As milícias estão para essa indústria como os vendedores de morro para as drogas lícitas dos grandes laboratórios. A pena é essencialmente imposição de sofrimento; ainda que dotado de certo sentido jurídico, o essencial é aquele “fazer sofrer” do qual Nietzsche falava. Entre os velhos medos escravistas, a prevenção se chamava vigilância. Mas caberia reeditar os preconceitos contra o lumpesinato no capitalismo sem trabalho? A demanda por pena não conhece limites, já que a pena é sempre um dispositivo reprodutor de sofrimento (ao sofrimento na vítima se acresce o sofrimento no culpado). Estamos caminhando, à razão de um aumento anual em torno de 10%, para 500.000 presos. Um espetáculo novo ingressou nos programas da televisão: a prisão de ricaços ou de políticos (a combinação eleva a audiência). Como diria Pavarini, para cada ricaço preso, mil jovens pobres encarcerados, mas a prova está feita: o sistema é igualitário, e não seletivo.

Na contramão dos desejos libertários – alguns dos quais inscritos nessa Constituição que soprou as velinhas dos 20 com o rosto marcado por cirurgias plásticas – a demanda por pena legitima o vigilantismo big-brother do sistema penal neoliberal. Aí está o paradoxo. As execuções sumárias, as balas perdidas, a tortura, os desaparecimentos, as detenções arbitrárias, tudo continua acontecendo, porém agora já não despertam indignação. Ao contrário, todas as restrições possíveis à concessão de habeas corpus, tal como abertamente fazia o AI-5, são saudadas pela mídia. A delação teve invertido seu estatuto ético. No direito penal, que se refundou modernamente como contenção do poder punitivo absolutista que está na alma do Estado de polícia, contribuições teóricas pretendem inverter sua função, pondo-o a serviço da dinamização do poder punitivo (e, portanto, do solapamento do Estado de direito).

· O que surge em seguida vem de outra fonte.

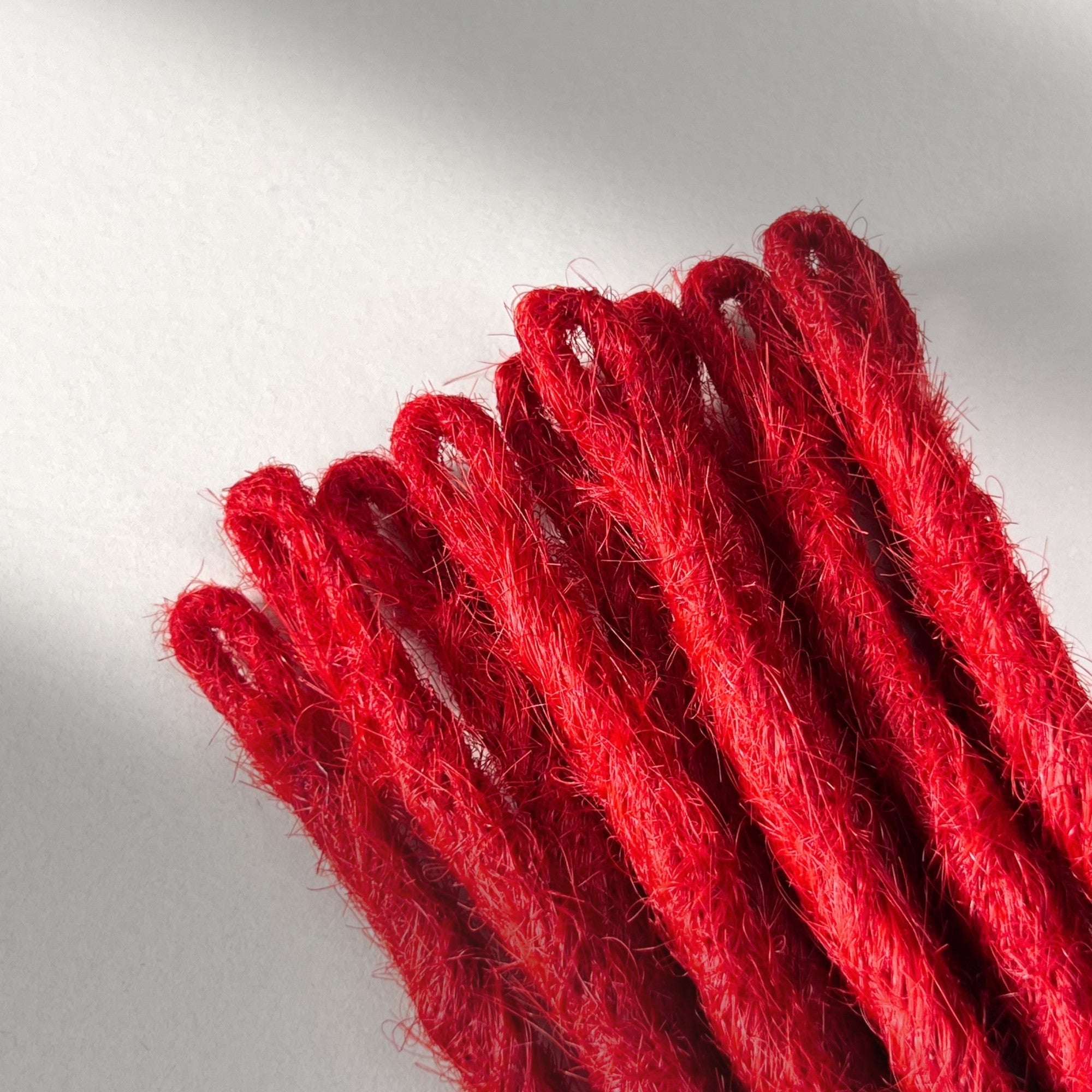Loop detail of temporary single-ended straight loc extensions in Flame Red.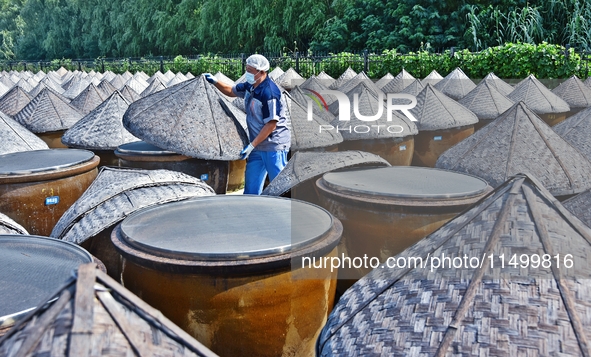 Workers use a wooden rake to turn sauces at the old soy sauce natural drying sauce shop in Yanhe Village, Rucheng Street, Rugao city, East C...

A proibição é mercantilizável, e o capital vídeo-financeiro percebeu-o e explorou-o mais que qualquer outro. Também no âmbito das ciências sociais, muitas contribuições trataram de conferir governamentabilidade ao sistema penal. Emoções punitivas ressurgiram intensamente após o final da ditadura e foram incorporadas por diversos movimentos sociais e partidos políticos, mesmo progressistas. Todas as revoluções ocorreram contra agências do sistema penal; todos os golpes de estado tiveram a colaboração de agências do sistema penal. Mas de repente a pena invadiu os nichos da despolitização pós-moderna, da ecologia ao feminismo.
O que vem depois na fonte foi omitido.